Page MenuHomeFreeBSD

Reallocate pcpu area on the correct domain.
ClosedPublic

Authored by jeff on Tue, Aug 13, 1:49 AM.

Details

Summary

This patch simply allocates various per-cpu data-structures on the correct domain. The actual pcpu area is reallocated and we waste a page. Recovering the page is likely more costly than the benefit as it will increase the size of the page array.

Diff Detail

Repository
rS FreeBSD src repository
Lint
Automatic diff as part of commit; lint not applicable.
Unit
Automatic diff as part of commit; unit tests not applicable.

Event Timeline

jeff created this revision.Tue, Aug 13, 1:49 AM
jeff retitled this revision from Reallocate pcpu area on the correct domain if it is not already. Parts of this diff were originally from kib. to Reallocate pcpu area on the correct domain..Tue, Aug 13, 1:52 AM
jeff edited the summary of this revision. (Show Details)
jeff added reviewers: markj, kib, gallatin, jhb, glebius.
kib added inline comments.Tue, Aug 13, 7:28 AM
sys/amd64/amd64/mp_machdep.c
406 ↗(On Diff #60707)

You are remapping a page in the kernel .bss section, I think that pmap_enter() works there only by a chance for now. I am sure that we do not want to support such use of pmap_enter().

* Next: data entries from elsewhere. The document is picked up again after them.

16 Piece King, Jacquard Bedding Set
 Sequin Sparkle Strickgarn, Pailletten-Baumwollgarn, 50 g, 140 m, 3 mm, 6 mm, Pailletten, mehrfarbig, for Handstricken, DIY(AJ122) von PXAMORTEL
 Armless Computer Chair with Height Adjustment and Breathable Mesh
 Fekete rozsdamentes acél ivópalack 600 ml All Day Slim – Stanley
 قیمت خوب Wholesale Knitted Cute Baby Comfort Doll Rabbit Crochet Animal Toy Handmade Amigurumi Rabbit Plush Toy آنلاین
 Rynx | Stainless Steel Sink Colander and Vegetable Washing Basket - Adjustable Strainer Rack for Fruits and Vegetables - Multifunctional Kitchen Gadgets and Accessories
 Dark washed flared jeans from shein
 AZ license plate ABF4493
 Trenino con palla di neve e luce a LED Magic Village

Ideally we would use something like pmap_qenter(), but .bss might be mapped with superpage.

jeff added inline comments.Tue, Aug 13, 7:31 AM
sys/amd64/amd64/mp_machdep.c
406 ↗(On Diff #60707)

What might break it? Why do we not want to support this?

kib added inline comments.Tue, Aug 13, 11:07 AM
sys/amd64/amd64/mp_machdep.c
406 ↗(On Diff #60707)

For instance, vm_page_array elements backing pages of kernel text/data/bss were not initialized until very recently. We never faulted on kernel segments, and pmap_enter() was correspondingly never needed there.

jeff added inline comments.Tue, Aug 13, 5:09 PM
sys/amd64/amd64/mp_machdep.c
406 ↗(On Diff #60707)

Ok but I still don't see a reason not to do this. It is simple and it works. Anything I do will just be a more long winded replacement of the same code.

kib added inline comments.Tue, Aug 13, 5:35 PM
sys/amd64/amd64/mp_machdep.c
406 ↗(On Diff #60707)

I do not object (strongly), just pointing out that the code introduces a new requirement.

Also, this causes demotion of the superpage mapping the data (.data + .bss), I believe.

jeff added a reviewer: mmacy.Thu, Aug 15, 7:29 PM
jeff added a comment.Sun, Aug 18, 8:36 AM

If there is no strong objection I will commit this tomorrow.

kib accepted this revision.Sun, Aug 18, 6:25 PM
This revision is now accepted and ready to land.Sun, Aug 18, 6:25 PM
gallatin requested changes to this revision.Sun, Aug 18, 7:52 PM
gallatin added inline comments.
sys/amd64/amd64/mp_machdep.c
470 ↗(On Diff #60707)

I'm getting a panic here on AMD rome configured in non-numa mode. I think we need to avoid acpi_pxm_get_cpu_locality() when we're not on a numa machine. The following patch seems to fix it:

        /* start each AP */
-       for (cpu = 1; cpu < mp_ncpus; cpu++) {
+       for (domain = 0, cpu = 1; cpu < mp_ncpus; cpu++) {
                apic_id = cpu_apic_ids[cpu];
-               domain = acpi_pxm_get_cpu_locality(apic_id);
+#ifdef NUMA
+               if (vm_ndomains > 1)
+                       domain = acpi_pxm_get_cpu_locality(apic_id);
+#endif
                /* allocate and set up an idle stack data page */
                bootstacks[cpu] = (void *)kmem_malloc_domainset(
This revision now requires changes to proceed.Sun, Aug 18, 7:52 PM
This revision was not accepted when it landed; it landed in state Needs Revision.
This revision was automatically updated to reflect the committed changes.